Appellant MOHAMED MUNYE OMAR was sued before the Mombasa Chief Magistrate’s Court by the Respondent, SHEE ATHMAN SHEE, his landlord at one time, for the recovery of  alleged rent arrears of Kshs. 282,000/-.  Appellant defended the case in person by filing his defence on 15th March 2012 having previously filed his Memorandum of Appearance two days before.  Both the Memorandum of Appearance and Defence do not bear the Appellant’s address of service.

The case was fixed for full hearing on 11th January 2013 but on that date the Learned Magistrate ordered thus-

“Court – Since no Affidavit of Service was filed and due to change of Court location.  I will give Defendant benefit of the doubt as he might not be aware of today’s date or Court’s location.  I will adjourn matter to 7. 12. 13.  Notice to issue to Defendant by registered post.”

On 7th February 2013 Learned Counsel for Respondent informed the Court that Appellant had been served through his postal address.  The case proceeded ex parte in the absence of Appellant.  Judgment in favour of the Respondent was delivered on 12th March 2013.

Appellant by his Notice of Motion dated 29th May 2013 sought an order of setting aside the ex parte proceedings of 7th February 2013 and the consequential judgment of 12th March 2013.

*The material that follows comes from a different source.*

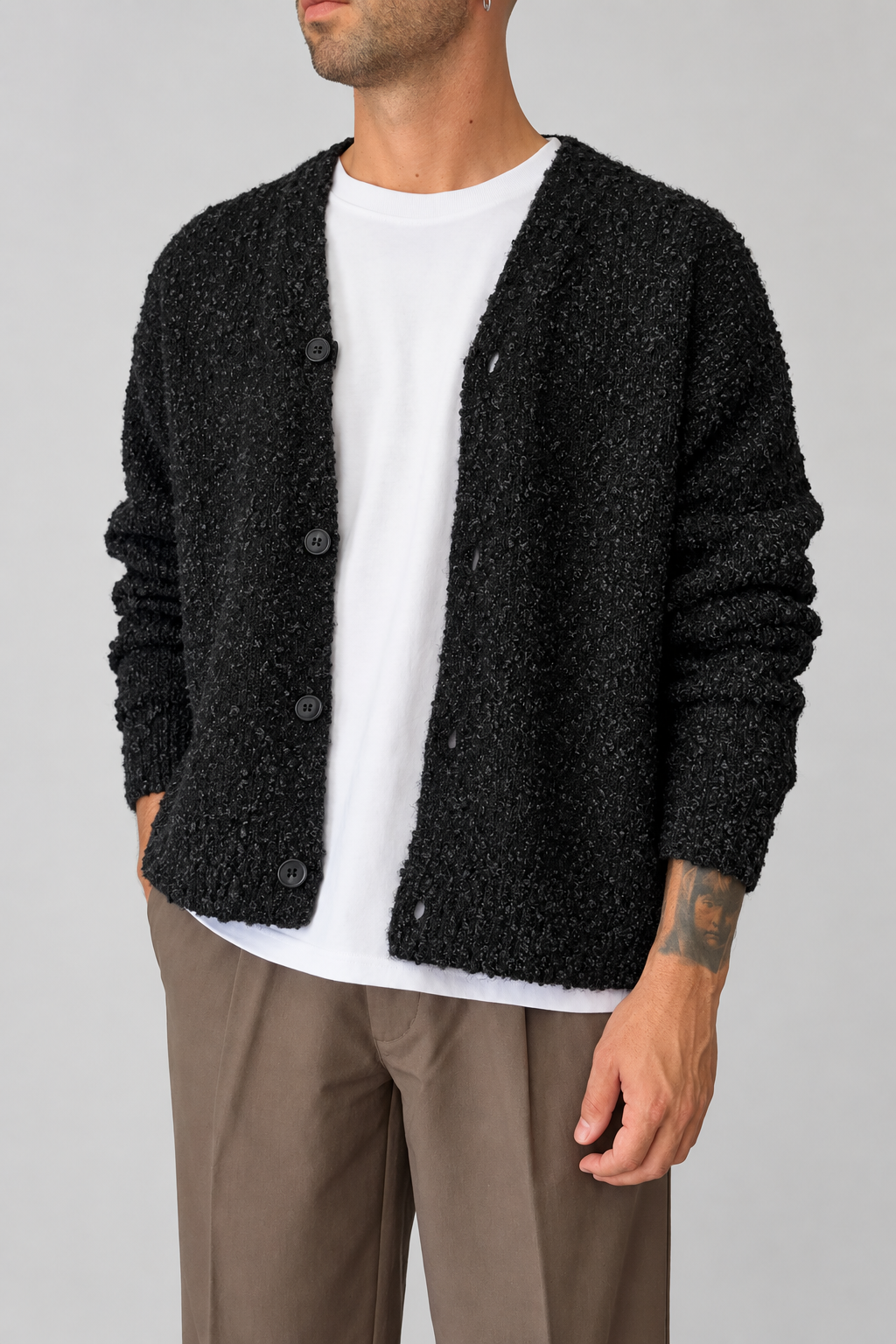 Cardigan bouclé WOODBIRD - 2636-810 BLACK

That application was dismissed and it is that dismissal order that is the subject of this appeal.

Appellant has filed long winded grounds of appeal which I believe are covered by the three issues set out as follows-

Was there an error in relying on Order 19 Rule 4 of the Civil Procedure Rules;

What are the effects of defective Memorandum of Appearance; and

Was there merit in Appellant’s application to set aside exparte judgment.

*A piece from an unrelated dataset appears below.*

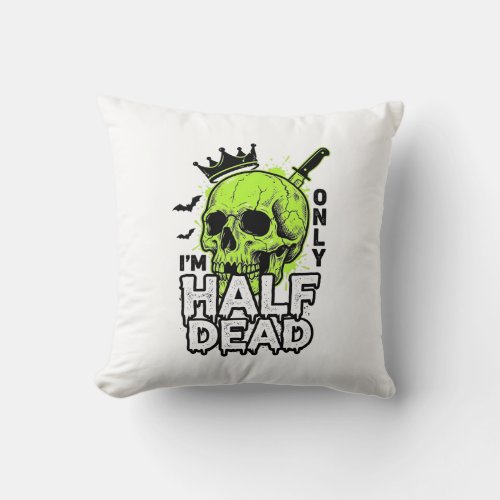 Half Dead Skull Halloween Vintage Engraving Shirt Throw Pillow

I am aware that parameters within which I can interfere with the Learned Magistrate’s finding of fact and on exercise of jurisdiction is limited.  That jurisdiction was discussed in recent Court of Appeal decisions as follows-

“PETER GICHUKI KING’ARA –Vs- INDEPENDENT ELECTORAL AND BOUNDARIES COMMISSION & 2 OTHERS [2014].  What are the points of law that emanate from this appeal?  As it was held in the case of; MWANGI –Vs- WAMBUGU, [1984]KLR 453:

‘A Court of Appeal will not normally interfere with a finding of fact by the trial Court unless such finding is based on no evidence or on a misapprehension of the evidence or the Judge is shown demonstrably to have acted on wrong principle in reaching the finding; and an appellate court is nto bound to accept the trial Judge’s finding of fact if it appears either that he has clearly failed on some material point to take account of particular circumstances or probabilities material to an estimate of the evidence, or if the impression based on the demeanour of a witness is inconsistent with the evidence in the case generally.’”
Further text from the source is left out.